Here’s the code with MyError and other custom error classes, simplified:

class MyError extends Error {
  constructor(message) {
    super(message);
*!*
    this.name = this.constructor.name;
*/!*
  }
}

class ValidationError extends MyError { }

class PropertyRequiredError extends ValidationError {
  constructor(property) {
    super("No property: " + property);
    this.property = property;
  }
}

// name is correct
alert( new PropertyRequiredError("field").name ); // PropertyRequiredError

Now custom errors are much shorter, especially ValidationError, as we got rid of the "this.name = ..." line in the constructor.

Wrapping exceptions

The purpose of the function readUser in the code above is «to read the user data», right? There may occur different kinds of errors in the process. Right now we have SyntaxError and ValidationError, but in the future readUser function may grow: the new code will probably generate other kinds of errors.

The code which calls readUser should handle these errors. Right now it uses multiple if in the catch block to check for different error types and rethrow the unknown ones. But if readUser function generates several kinds of errors — then we should ask ourselves: do we really want to check for all error types one-by-one in every code that calls readUser?

Often the answer is «No»: the outer code wants to be «one level above all that». It wants to have some kind of «data reading error». Why exactly it happened — is often irrelevant (the error message describes it). Or, even better if there is a way to get error details, but only if we need to.

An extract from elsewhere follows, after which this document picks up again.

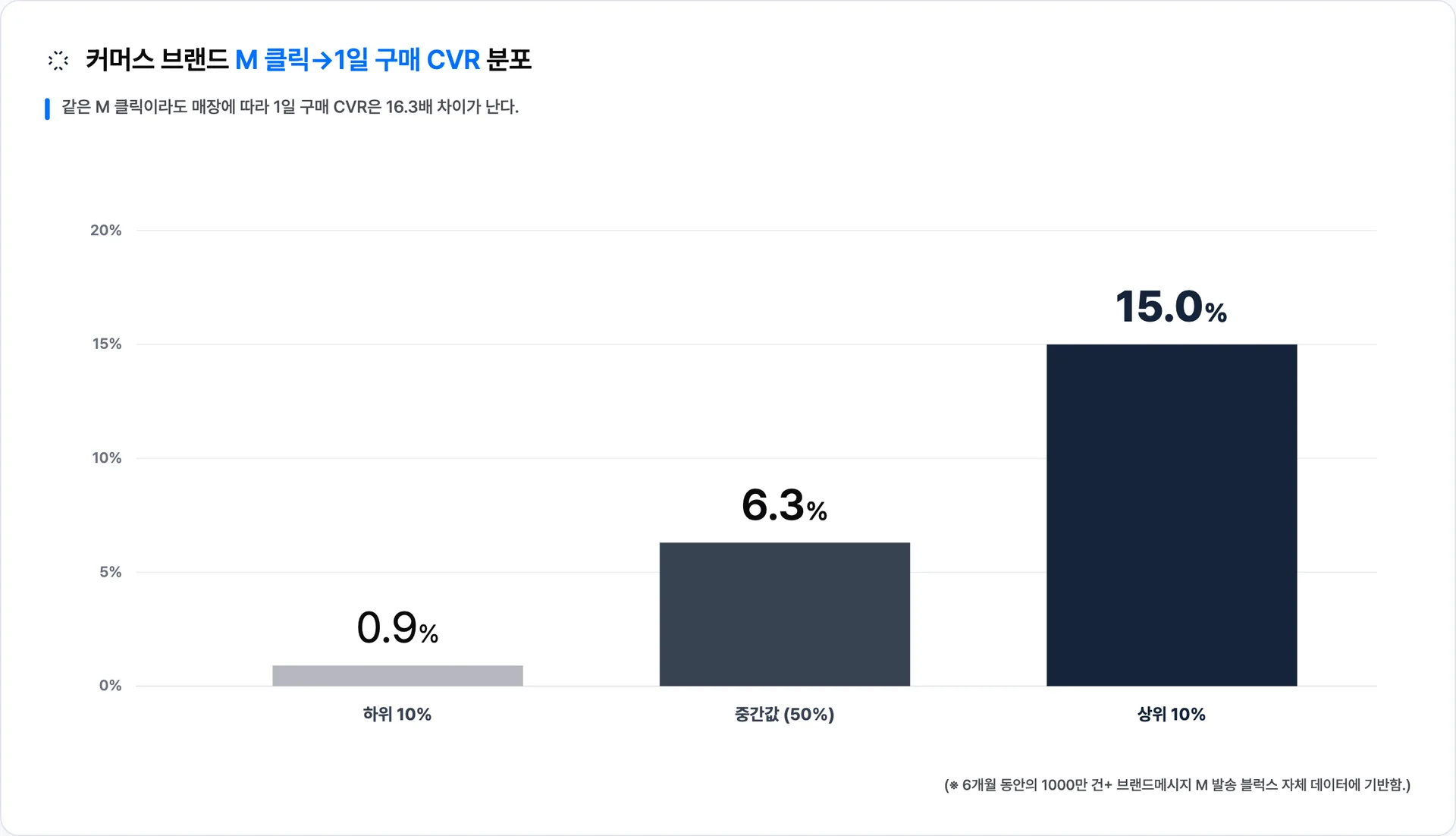 매장별 M 클릭→1일 구매 CVR은 하위 10%(0.9%)와 상위 10%(15.0%) 사이에 16.3배 격차가 있다 · 이미지 출처: Blux 자체 발송 데이터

So let’s make a new class ReadError to represent such errors. If an error occurs inside readUser, we’ll catch it there and generate ReadError. We’ll also keep the reference to the original error in its cause property. Then the outer code will only have to check for ReadError.

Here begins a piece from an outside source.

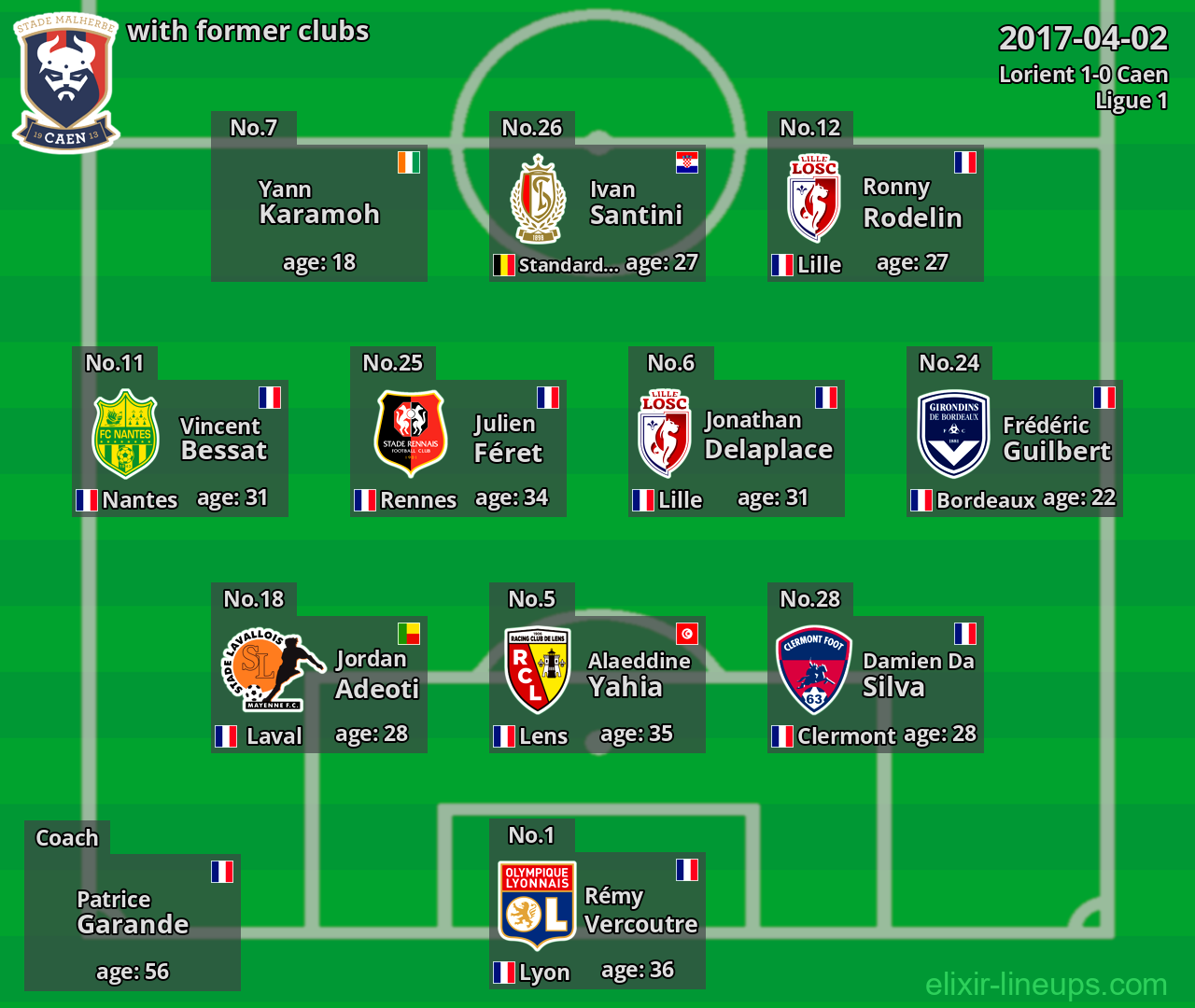 Caen with former clubs 2017-04-02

Here’s the code that defines ReadError and demonstrates its use in readUser and try..catch:

class ReadError extends Error {
  constructor(message, cause) {
    super(message);
    this.cause = cause;
    this.name = 'ReadError';
  }
}

class ValidationError extends Error { /*...*/ }
class PropertyRequiredError extends ValidationError { /* ... */ }

function validateUser(user) {
  if (!user.age) {
    throw new PropertyRequiredError("age");
  }

  if (!user.name) {
    throw new PropertyRequiredError("name");
  }
}

function readUser(json) {
  let user;

  try {
    user = JSON.parse(json);
  } catch (err) {
*!*
    if (err instanceof SyntaxError) {
      throw new ReadError("Syntax Error", err);
    } else {
      throw err;
    }
*/!*
  }

  try {
    validateUser(user);
  } catch (err) {
*!*
    if (err instanceof ValidationError) {
      throw new ReadError("Validation Error", err);
    } else {
      throw err;
    }
*/!*
  }

}

try {
  readUser('{bad json}');
} catch (e) {
  if (e instanceof ReadError) {
*!*
    alert(e);
    // Original error: SyntaxError: Unexpected token b in JSON at position 1
    alert("Original error: " + e.cause);
*/!*
  } else {
    throw e;
  }
}

In the code above, readUser works exactly as described — catches syntax and validation errors and throws ReadError errors instead (unknown errors are rethrown as usual).

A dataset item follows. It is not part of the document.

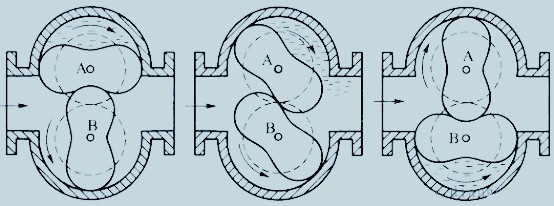 Liquid Roots Meter 2 How does a Roots meter work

So the outer code checks instanceof ReadError and that’s it. No need to list possible all error types.

The approach is called «wrapping exceptions», because we take «low level exceptions» and «wrap» them into ReadError that is more abstract and more convenient to use for the calling code. It is widely used in object-oriented programming.

Summary

  • We can inherit from Error and other built-in error classes normally, just need to take care of name property and don’t forget to call super.
  • Most of the time, we should use instanceof to check for particular errors. It also works with inheritance. But sometimes we have an error object coming from the 3rd-party library and there’s no easy way to get the class. Then name property can be used for such checks.
  • Wrapping exceptions is a widespread technique when a function handles low-level exceptions and makes a higher-level object to report about the errors. Low-level exceptions sometimes become properties of that object like err.cause in the examples above, but that’s not strictly required.